It's Super Bowl weekend, which means business for all titles should considerably slow down with the big game taking America's attention on Sunday. Overall business should fall short of last year, which had Split narrowly outwit another horror flick, Rings for #1.
Here is the projected Top 10:
#1: Maze Runner: The Death Cure ($11 million, -53%)
Young adult films usually don't hold very well. The addition of the super bowl distracting many teenagers and young adults won't help either.
#2: Jumanji: Welcome to the Jungle ($10 million, -38%)
This might be a little too optimistic of a forecast, as its' held impeccably well through this point. But with males being its' target audience and the Super Bowl likely to distract them, I don't expect it to hold nearly as strong as the last few weekends.
#3: Winchester ($9 million)
The only new real nationwide release, this period horror flick has had decent buzz and marketing. However, reviews are absolutely disastrous (5% on Rotten Tomatoes), which will hold it back. However, Rings managed $13 million on this same weekend last year. Maybe I'm lowballing this.
#4: The Greatest Showman ($7 million, -27%)
Continued strong word-of-mouth and a generally female target audience will keep Showman rolling, for a seventh-straight weekend in the Top 5.
#5: The Post ($6 million, -34%)
Once again, the more focus on an older female audience along with the continued awards season buzz will help The Post continue put up strong numbers.
#6: Hostiles ($5.5 million, -46%)
The big game and a crowded marketplace will make it difficult for the Scott Cooper western to have much staying power.
#7 (tie): 12 Strong ($4.5 million, -48%)
Once again, a male target audience will be very distracted this weekend, which will not spell good news for the war thriller.
#7 (tie): The Shape of Water ($4.5 million, -24%)

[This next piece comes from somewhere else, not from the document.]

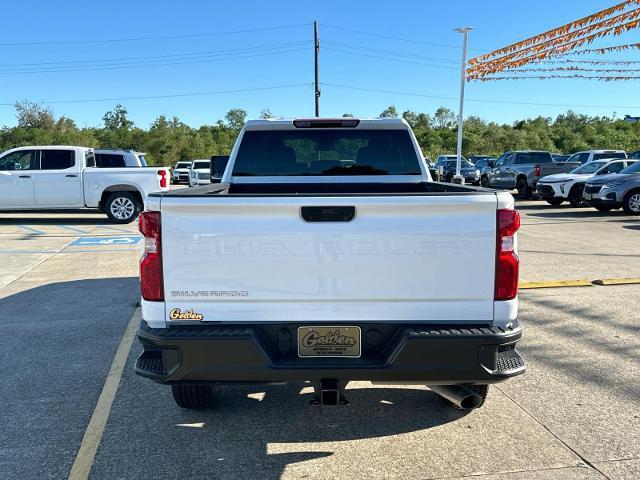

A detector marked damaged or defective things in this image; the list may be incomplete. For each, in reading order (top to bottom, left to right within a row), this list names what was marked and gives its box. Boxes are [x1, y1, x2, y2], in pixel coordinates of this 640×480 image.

pavement crack [492, 386, 612, 480]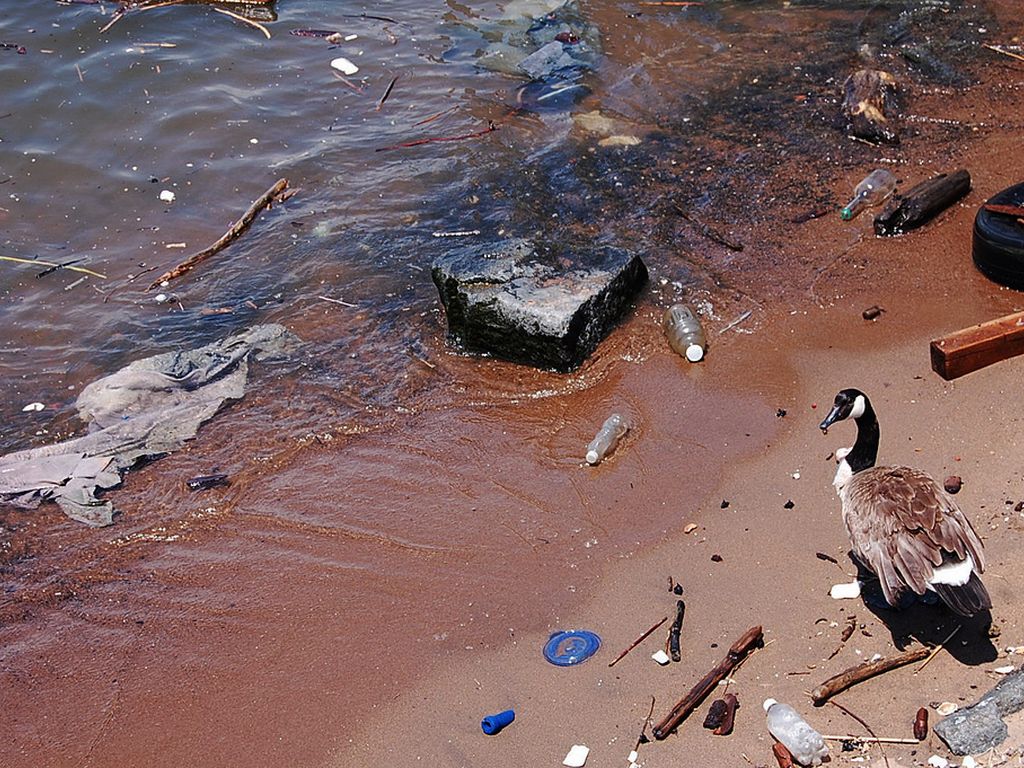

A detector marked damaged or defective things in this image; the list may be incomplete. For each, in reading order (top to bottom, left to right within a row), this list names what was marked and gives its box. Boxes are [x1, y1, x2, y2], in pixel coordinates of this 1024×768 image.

torn cloth [0, 324, 302, 528]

With word continuing to get around for the 13-time Oscar nominated Guillermo del Toro fantasy, the film should continue to play strong into February.
#9: Den of Thieves ($4 million, -54%)
Same reason as the first movie in #7.
#10: Paddington 2 ($3.5 million, -39%)
Strong word-of-mouth plus zero competition for little kids and females should allow the sequel to have one more weekend in the Top 10.
In the meantime, I, Tonya is expanding to 1,500 locations this weekend. But with no Best Picture nomination and little awards season attention besides a likely win for Allison Janney for Best Supporting Actress, its not expected to make much of an impact. But it could increase enough to get into the list (it pulled in $3 million from 900 locations last week).